I was further motivated by a use case in asset management, which requires storing data about objects with varying security classifications. In some scenarios, a full overview of all objects is required, regardless of security classification, while in others (e.g., when a user without proper clearance accesses the data), security must be enforced by filtering out classified objects.
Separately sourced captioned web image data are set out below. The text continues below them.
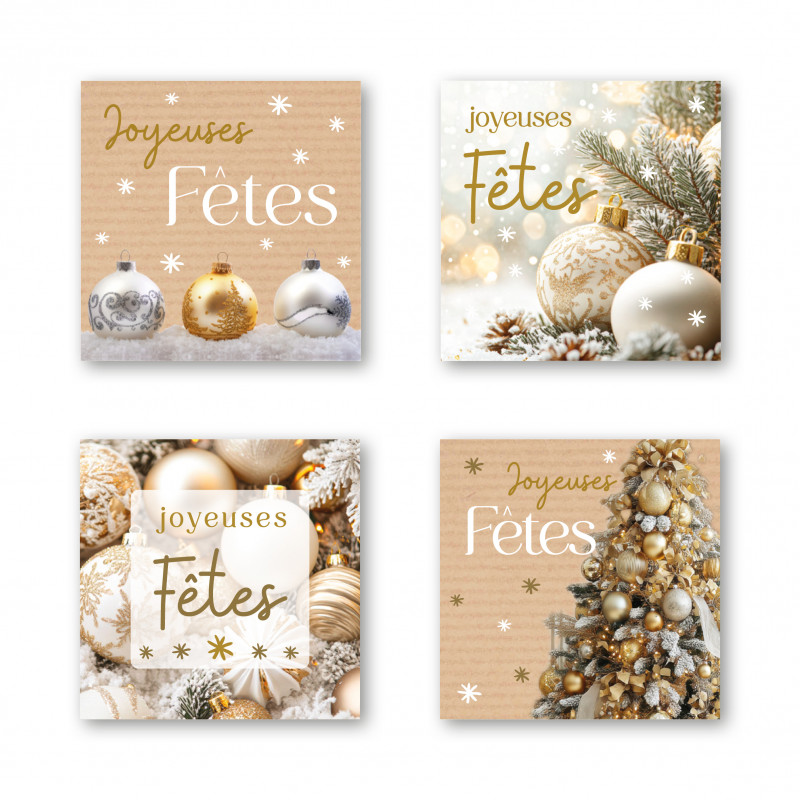 Etiquettes autocollantes "joyeuses fêtes" - Fournisseur emballage Noël Etiquettes autocollantes "joyeuses fêtes" - Fournisseur emballage Noël
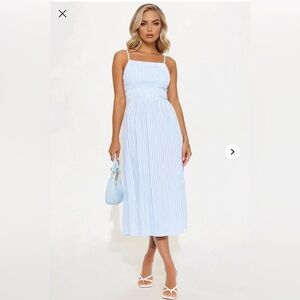 Elegant Blue Striped Midi Dress Fashion Nova L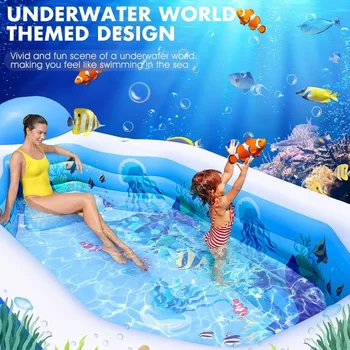 Inflatable swimming pool with canopy, children's large swimming pool, swimming pool with seats and backrest, 125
In this article, I will present the current security options in graph stores—focusing on Fuseki, the store I am most familiar with. I will compare them to relational databases to see if those are better suited for such use cases, briefly discuss research done in the Netherlands on the topic, and finally present an alternative approach for access control based on SHACL rules.
Access control in Fuseki
Fuseki uses Apache Shiro for role-based access control (RBAC), configured via a shiro.ini file. This provides security at both the dataset and graph levels.
Dataset-Level Access
This coarse-grained level of access control is managed by matching URL patterns in shiro.ini, thereby securing an entire dataset’s endpoints.
- Mechanism: The
[urls]section maps a URL path to a required permission or role. - Example: To restrict all access to a dataset named
myDBto users with theeditorrole:[urls] /myDB/** = authc, roles[editor]This line ensures any request to
/myDB/*(query, update, etc.) requires the user to be authenticated and have theeditorrole.
Graph-Level Access
This is fine-grained control, applied after the URL-level check. It uses specific permission strings that Fuseki’s security module understands.
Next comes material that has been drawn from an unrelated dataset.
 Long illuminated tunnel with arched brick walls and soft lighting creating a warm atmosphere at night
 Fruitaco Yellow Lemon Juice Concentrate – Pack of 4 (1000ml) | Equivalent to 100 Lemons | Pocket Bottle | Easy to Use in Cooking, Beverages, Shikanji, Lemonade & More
- Mechanism: Permissions are defined for roles, targeting specific actions (
read,write,update) on named graphs. - Example: Grant a
readerrole read-only access to a public graph, and aneditorrole write access to a private graph within the same dataset:[roles] reader = read:graph:http://example.org/publicGraph editor = read:graph:http://example.org/publicGraph, write:graph:http://example.org/privateGraph
How It Works
- A user sends a SPARQL request to a dataset endpoint (e.g.,
POST /myDB/update). - Shiro (Dataset Level): Checks if the user is authenticated and has the necessary role to access
/myDB/**. - Fuseki Interceptor (Graph Level): If the request passes, Fuseki inspects the SPARQL query to identify the target graph.
- Shiro (Graph Level): Fuseki checks permissions for the user’s roles on the given graphs.
- Access is either granted or denied accordingly.
Access control in relational databases
Compared to the access control in Fuseki (dataset and graph level), relational databases often offer much finer-grained security options. I’ll use PostgreSQL as an example. The core difference is that PostgreSQL’s security is data-aware, while Fuseki/Shiro’s security is primarily resource-aware (endpoints and graph URIs).
Here is a comparison:
| Feature | Fuseki with Shiro | PostgreSQL |
|---|---|---|
| Granularity | Endpoint (Dataset) & Graph | Database, Schema, Table, Column, Row |
| Mechanism | Config file (shiro.ini) | SQL GRANT / REVOKE statements |
| Paradigm | Application-layer security on API endpoints | Integrated, data-aware security model |
| Smallest Unit | A Named Graph (a collection of triples) | A single cell value (via column/row rules) |
Key Differences & Finer Control in PostgreSQL
-
Column-level security: You can grant a user
SELECTpermission on specific columns of a table while denying access to others. For example, a user can query employee names and departments but not their salaries. There is no direct equivalent in Fuseki; you would have to split sensitive data into separate, secured graphs. -
Row-level security (RLS): This powerful feature lets you create security policies that filter which rows a user is allowed to see or modify, based on attributes or session context. For example,
CREATE POLICY user_orders ON orders FOR SELECT USING (customer_username = current_user);ensures users only see their own orders. Achieving this in Fuseki is far more complex; typically, you must segregate data into different named graphs per user, leading to management challenges.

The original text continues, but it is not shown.